▶ Action item:
When you copy the entries, omit the images and keep every word as it is.

▶ Data to process:
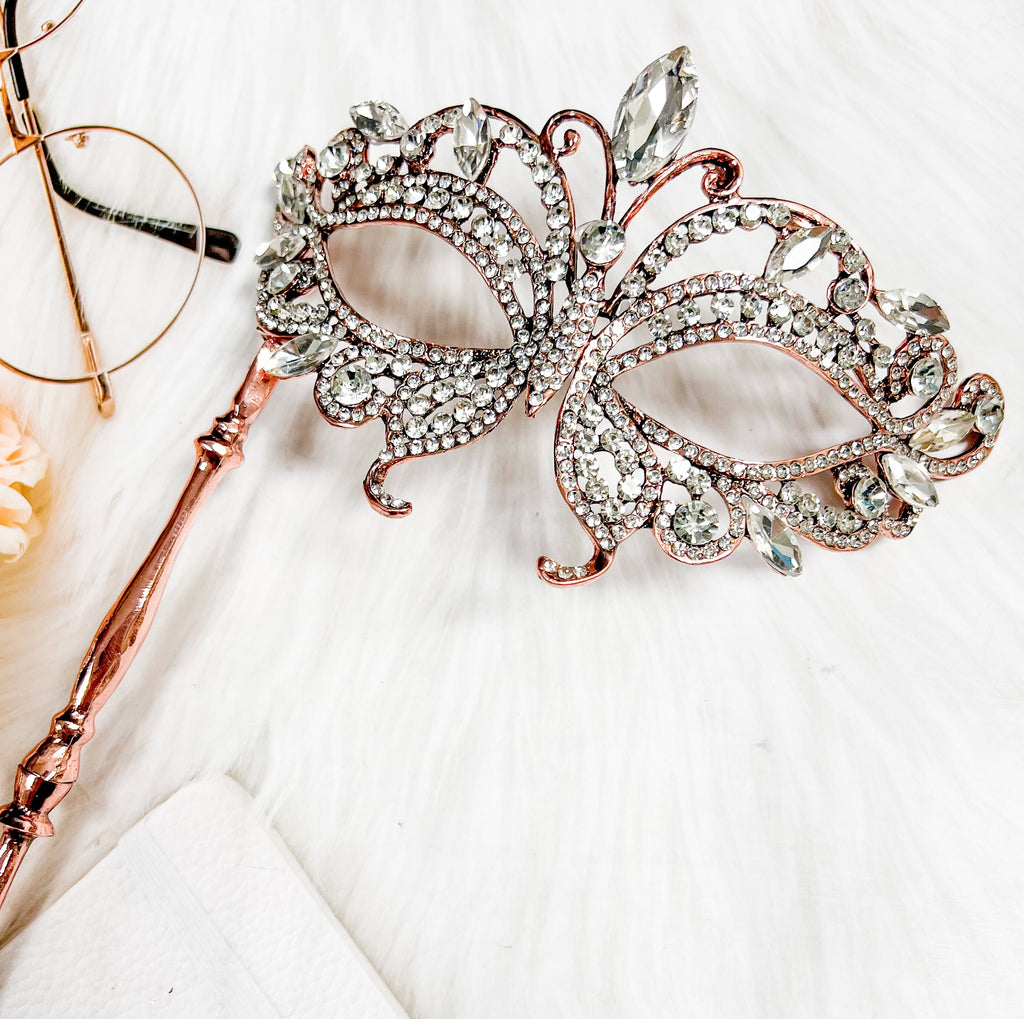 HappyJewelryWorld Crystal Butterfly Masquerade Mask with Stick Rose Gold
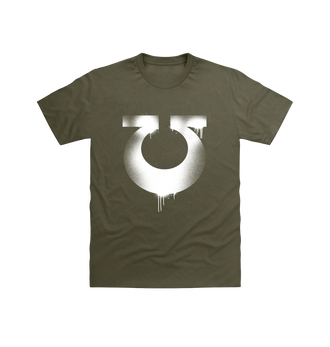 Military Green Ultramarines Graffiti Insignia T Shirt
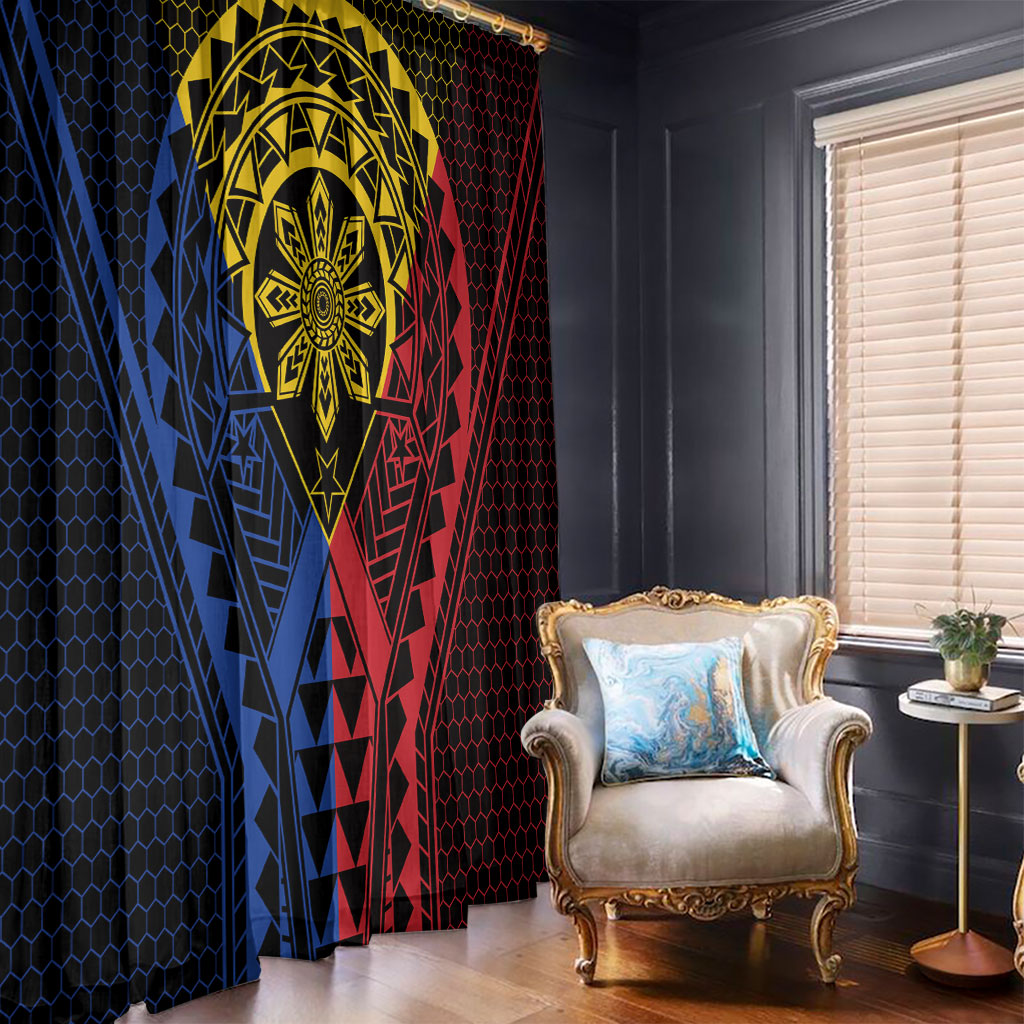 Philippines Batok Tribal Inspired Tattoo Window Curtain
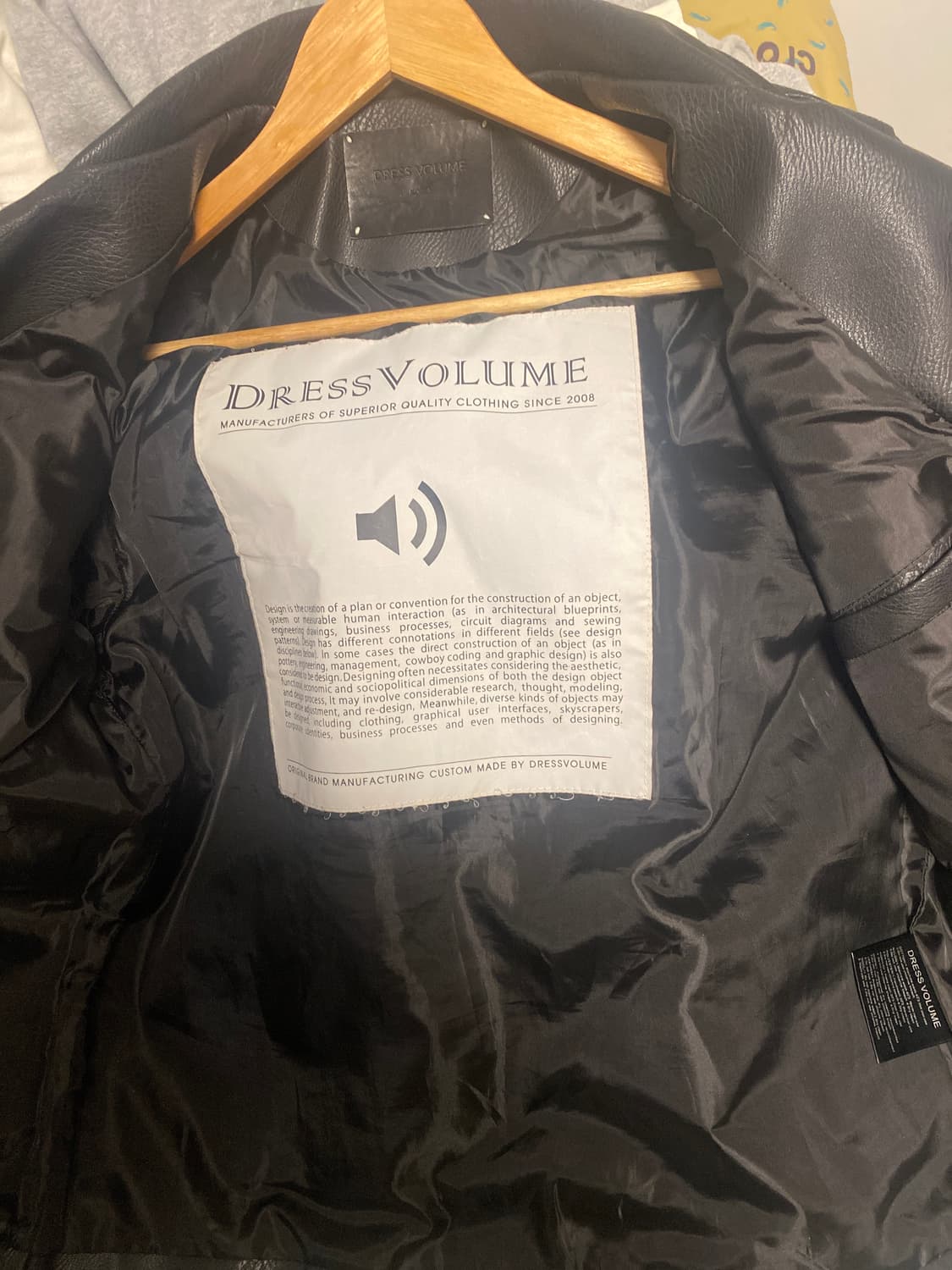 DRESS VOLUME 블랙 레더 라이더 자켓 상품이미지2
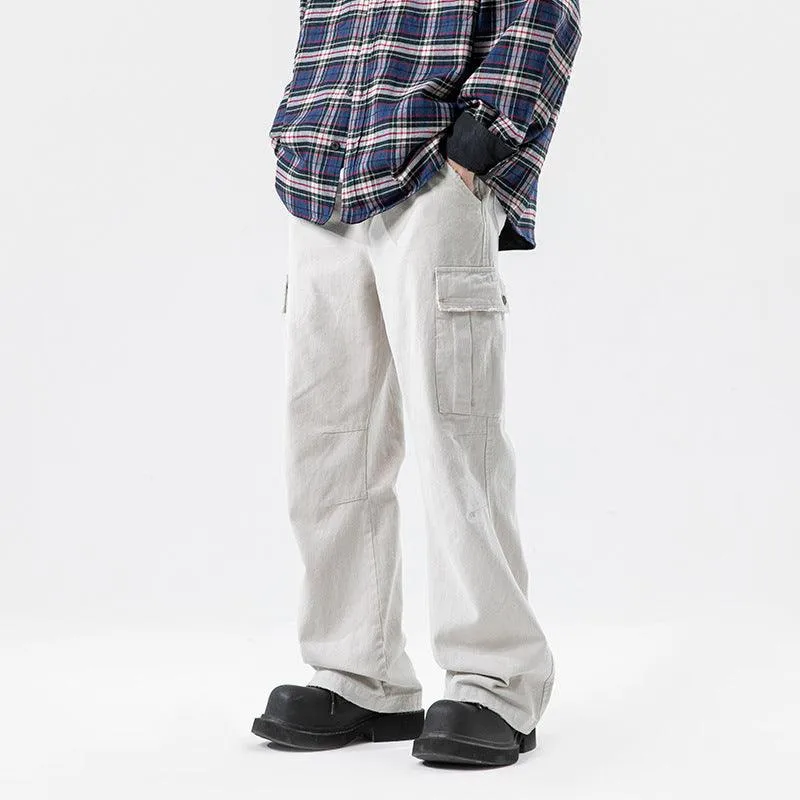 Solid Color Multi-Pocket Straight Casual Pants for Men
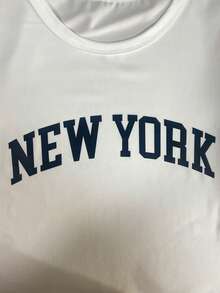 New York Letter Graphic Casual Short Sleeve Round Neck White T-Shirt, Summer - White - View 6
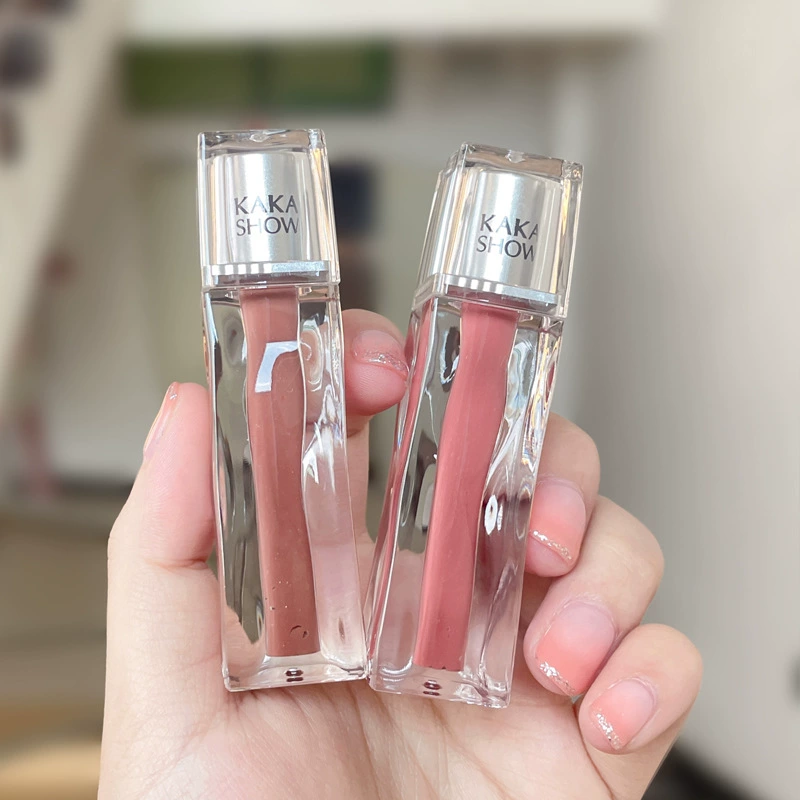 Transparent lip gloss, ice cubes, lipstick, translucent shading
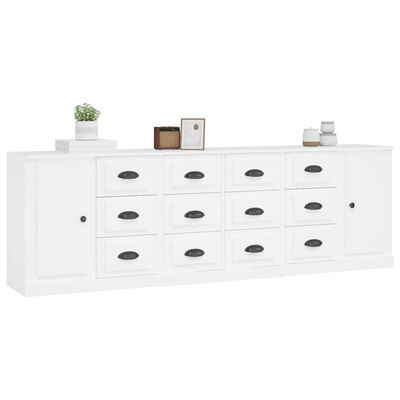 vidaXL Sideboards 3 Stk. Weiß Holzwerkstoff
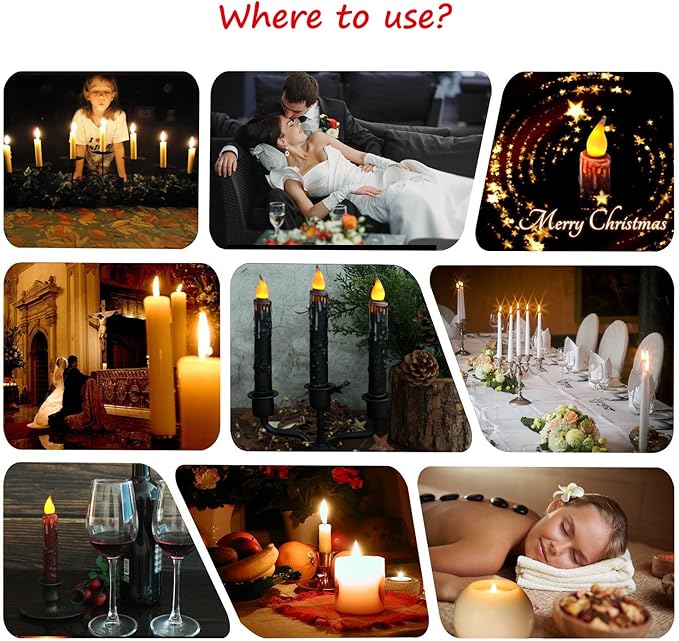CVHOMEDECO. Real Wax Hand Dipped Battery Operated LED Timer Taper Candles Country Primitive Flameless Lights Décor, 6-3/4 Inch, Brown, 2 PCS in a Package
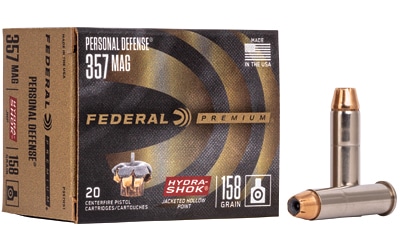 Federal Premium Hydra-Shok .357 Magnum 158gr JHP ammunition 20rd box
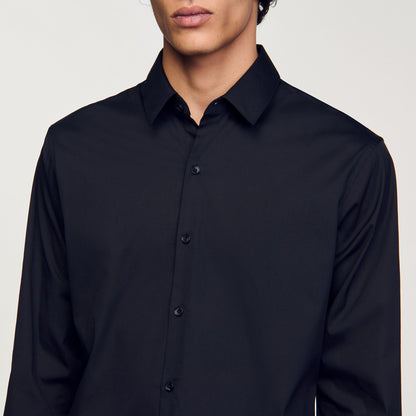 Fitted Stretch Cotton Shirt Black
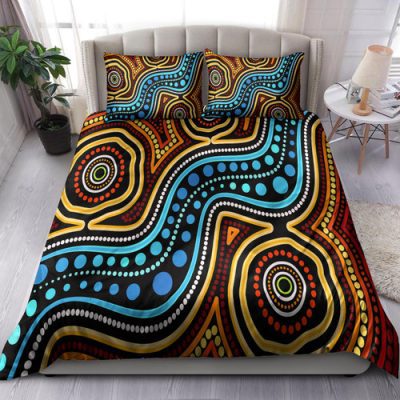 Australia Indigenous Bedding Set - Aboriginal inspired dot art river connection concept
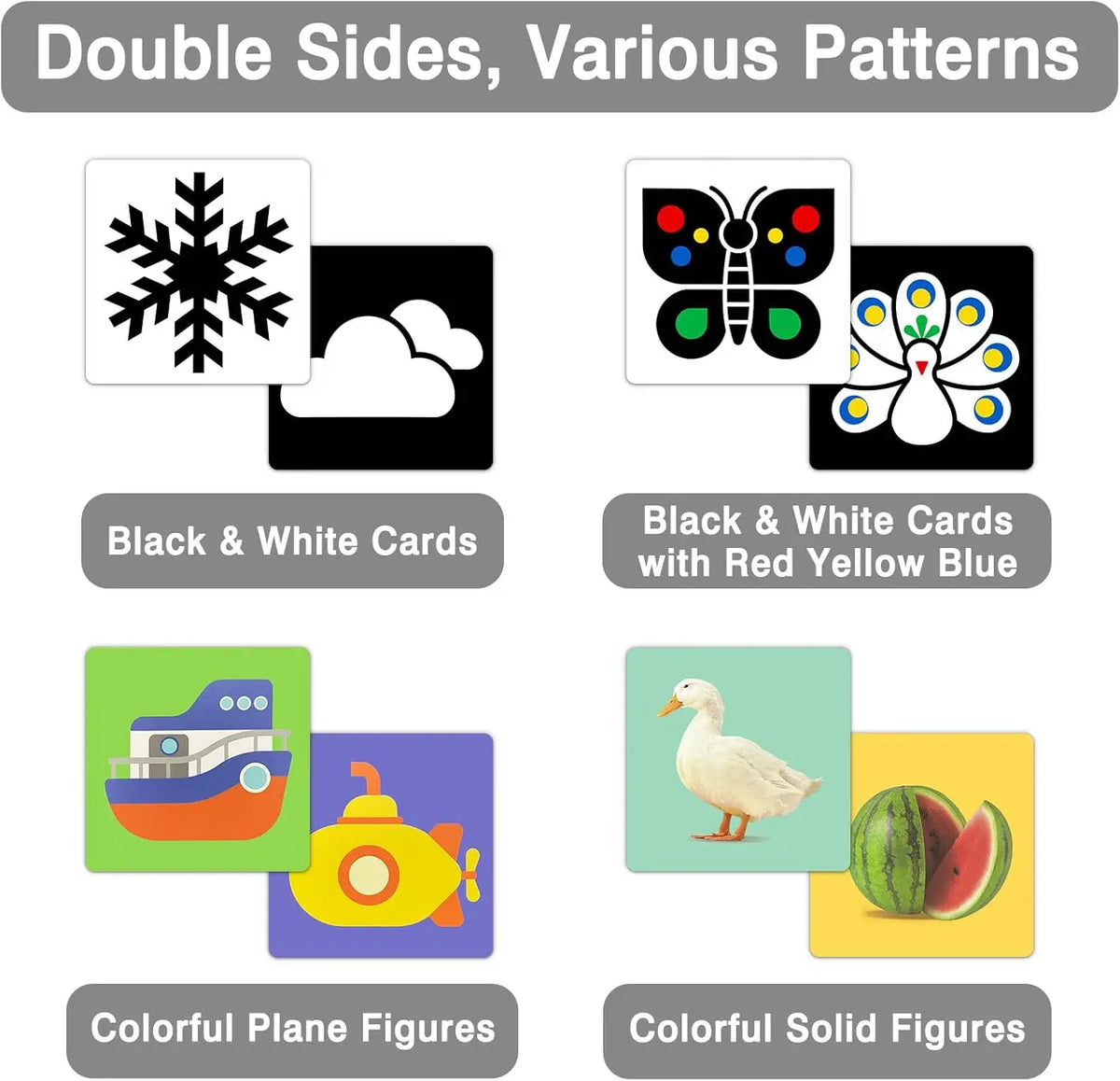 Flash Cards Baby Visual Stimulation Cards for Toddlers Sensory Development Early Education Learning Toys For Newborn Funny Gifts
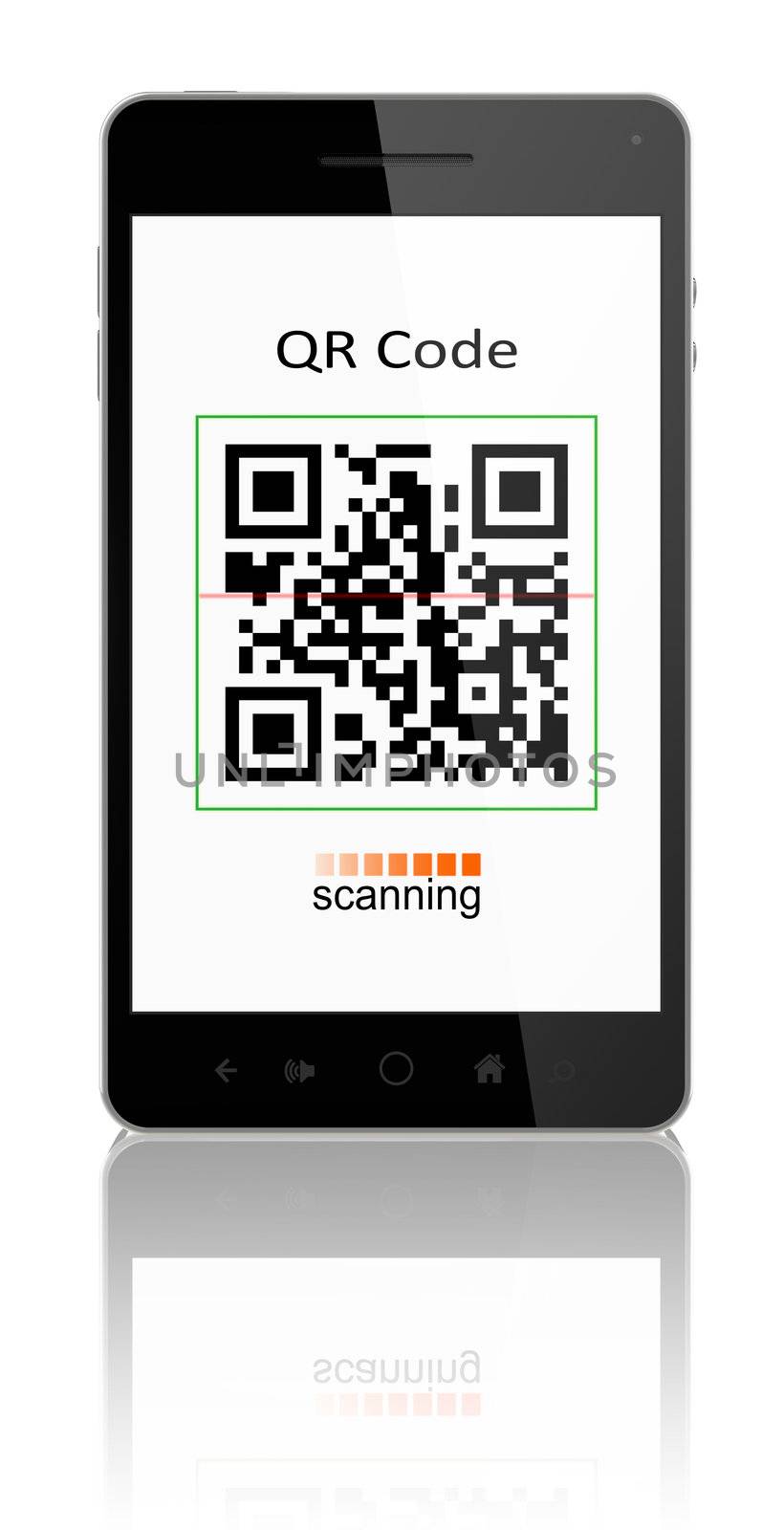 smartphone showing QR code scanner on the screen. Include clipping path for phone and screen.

▶ Solved exercise:
 HappyJewelryWorld Crystal Butterfly Masquerade Mask with Stick Rose Gold
 Military Green Ultramarines Graffiti Insignia T Shirt
 Philippines Batok Tribal Inspired Tattoo Window Curtain
 DRESS VOLUME 블랙 레더 라이더 자켓 상품이미지2
 Solid Color Multi-Pocket Straight Casual Pants for Men
 New York Letter Graphic Casual Short Sleeve Round Neck White T-Shirt, Summer - White - View 6
 Transparent lip gloss, ice cubes, lipstick, translucent shading
 vidaXL Sideboards 3 Stk. Weiß Holzwerkstoff
CVHOMEDECO. Real Wax Hand Dipped Battery Operated LED Timer Taper Candles Country Primitive Flameless Lights Décor, 6-3/4 Inch, Brown, 2 PCS in a Package
 Federal Premium Hydra-Shok .357 Magnum 158gr JHP ammunition 20rd box
 Fitted Stretch Cotton Shirt Black
 Australia Indigenous Bedding Set - Aboriginal inspired dot art river connection concept
 Flash Cards Baby Visual Stimulation Cards for Toddlers Sensory Development Early Education Learning Toys For Newborn Funny Gifts
 smartphone showing QR code scanner on the screen. Include clipping path for phone and screen.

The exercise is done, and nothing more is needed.